=== What to work on ===
Among the entries below, copy only the span from the line containing "Guess Phoenix Men's" through the line containing "Faux Boxwood Heart - 17 Inch". Do so exactly, and skip the pictures.

=== The data ===
• • • •

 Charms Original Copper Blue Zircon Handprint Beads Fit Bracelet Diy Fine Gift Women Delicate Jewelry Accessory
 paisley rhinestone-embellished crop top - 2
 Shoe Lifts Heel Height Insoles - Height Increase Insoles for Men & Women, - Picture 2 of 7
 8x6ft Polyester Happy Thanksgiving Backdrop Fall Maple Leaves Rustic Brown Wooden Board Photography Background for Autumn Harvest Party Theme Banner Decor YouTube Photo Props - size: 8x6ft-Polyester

• • • •

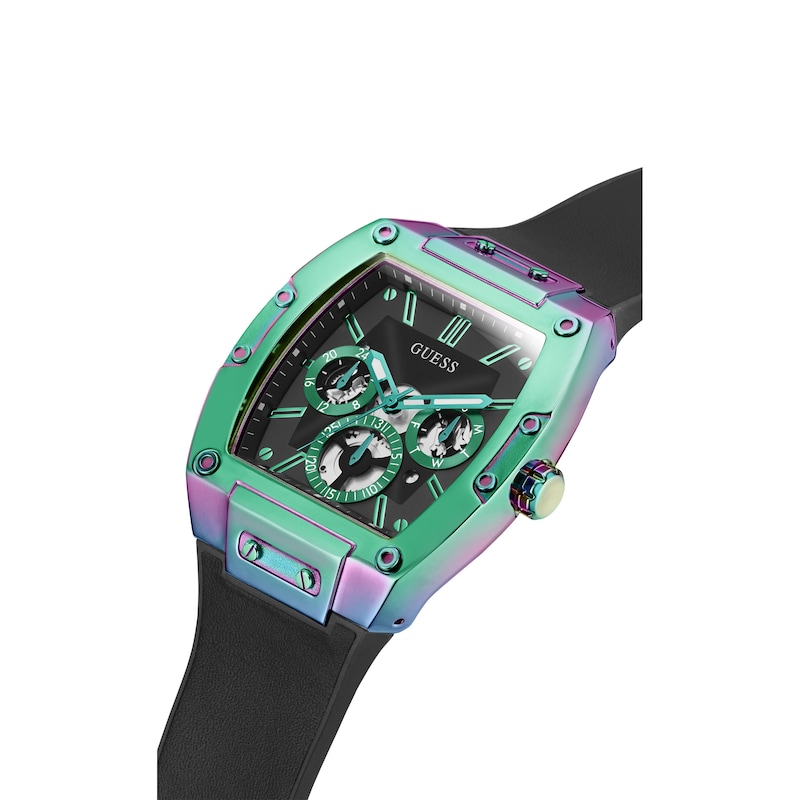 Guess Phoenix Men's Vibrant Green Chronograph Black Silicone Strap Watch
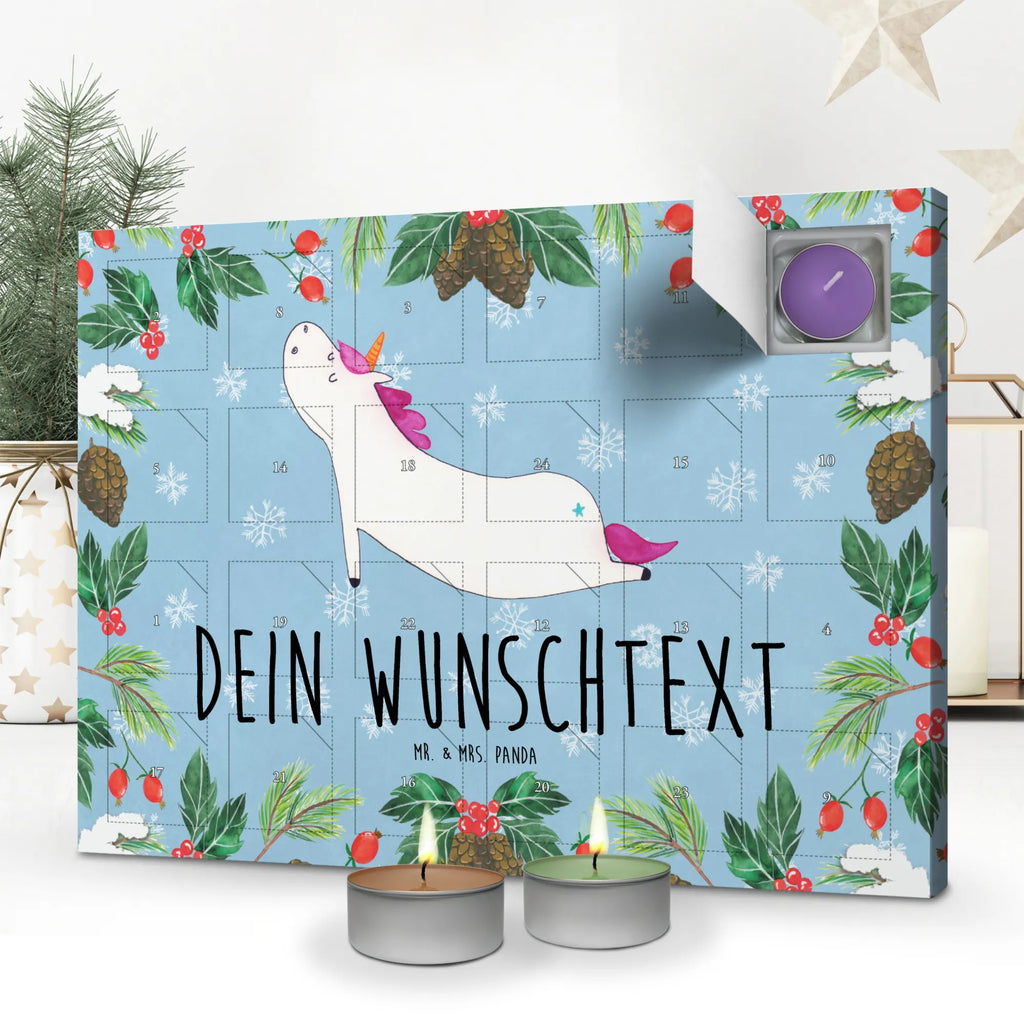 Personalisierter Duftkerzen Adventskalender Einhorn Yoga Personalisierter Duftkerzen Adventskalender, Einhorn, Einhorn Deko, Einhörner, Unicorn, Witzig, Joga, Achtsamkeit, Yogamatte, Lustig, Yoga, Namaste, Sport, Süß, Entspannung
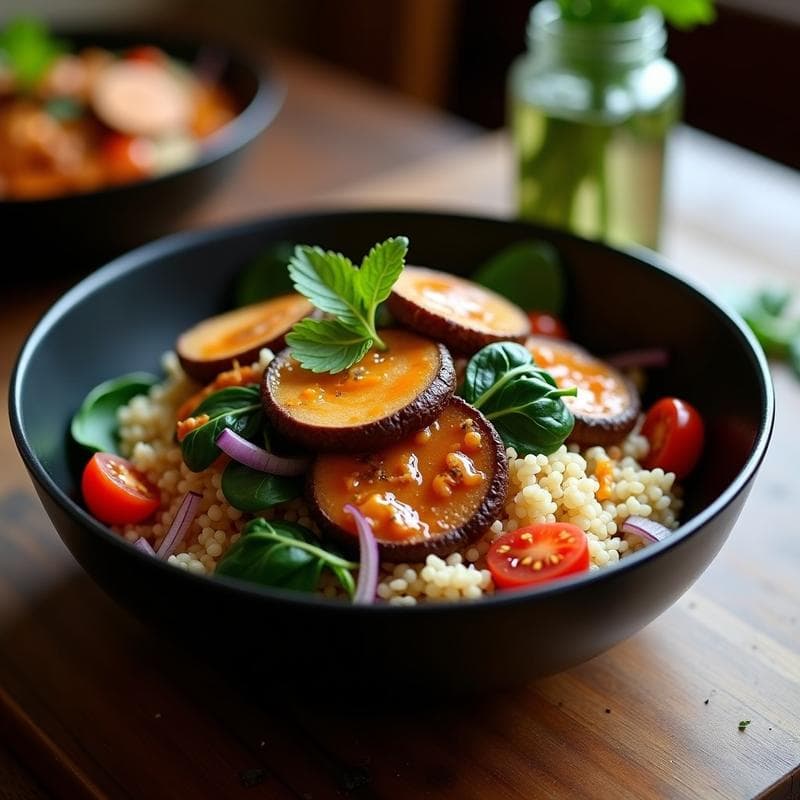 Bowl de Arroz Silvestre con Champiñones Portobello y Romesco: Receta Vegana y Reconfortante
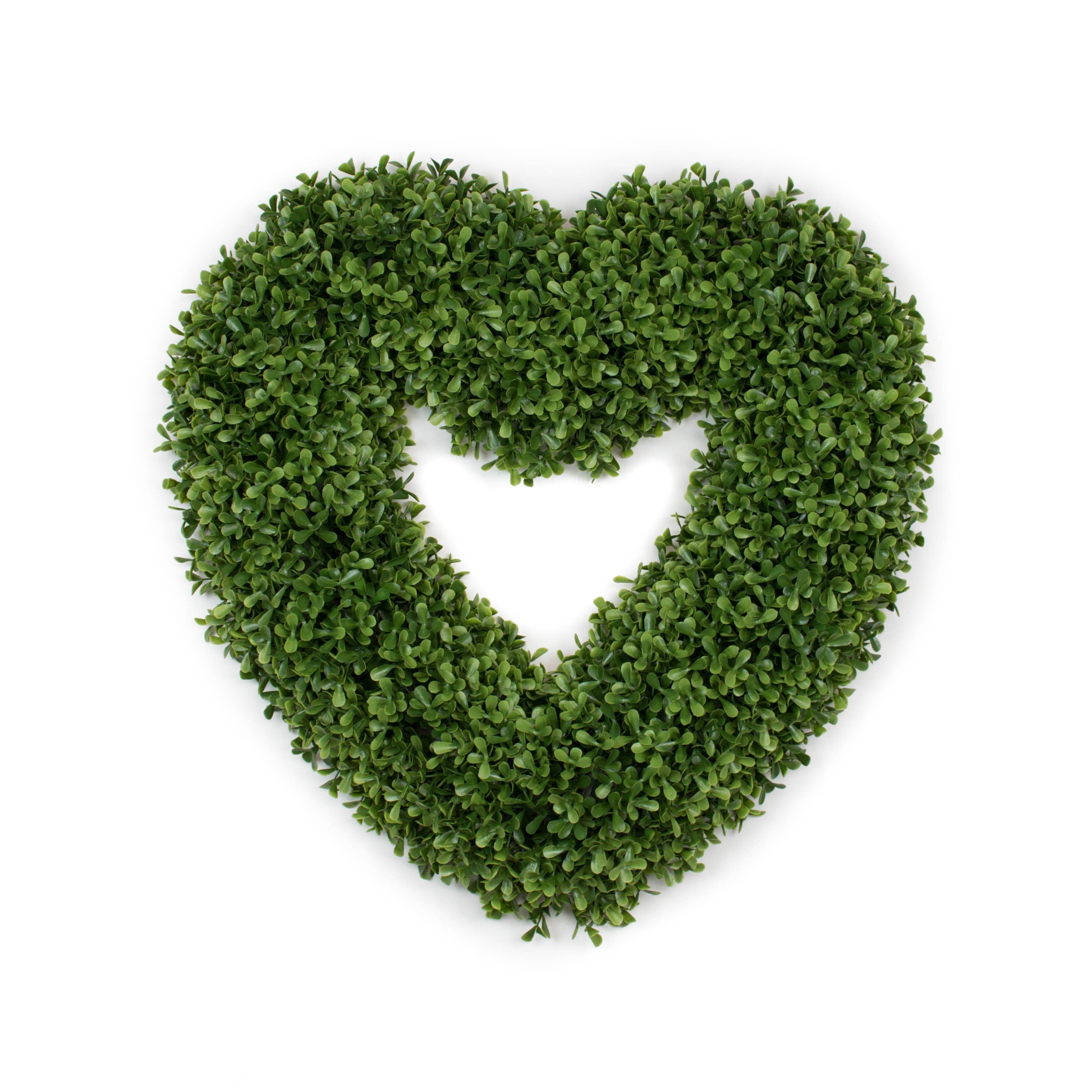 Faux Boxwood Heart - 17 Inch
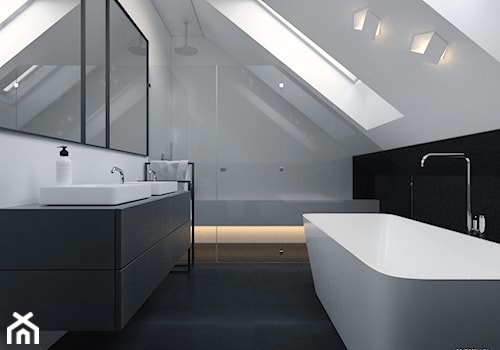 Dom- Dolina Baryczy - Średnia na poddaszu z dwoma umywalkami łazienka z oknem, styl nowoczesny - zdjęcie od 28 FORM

• • • •

=== Reply to the exercise ===
 Guess Phoenix Men's Vibrant Green Chronograph Black Silicone Strap Watch
 Personalisierter Duftkerzen Adventskalender Einhorn Yoga Personalisierter Duftkerzen Adventskalender, Einhorn, Einhorn Deko, Einhörner, Unicorn, Witzig, Joga, Achtsamkeit, Yogamatte, Lustig, Yoga, Namaste, Sport, Süß, Entspannung
 Bowl de Arroz Silvestre con Champiñones Portobello y Romesco: Receta Vegana y Reconfortante
 Faux Boxwood Heart - 17 Inch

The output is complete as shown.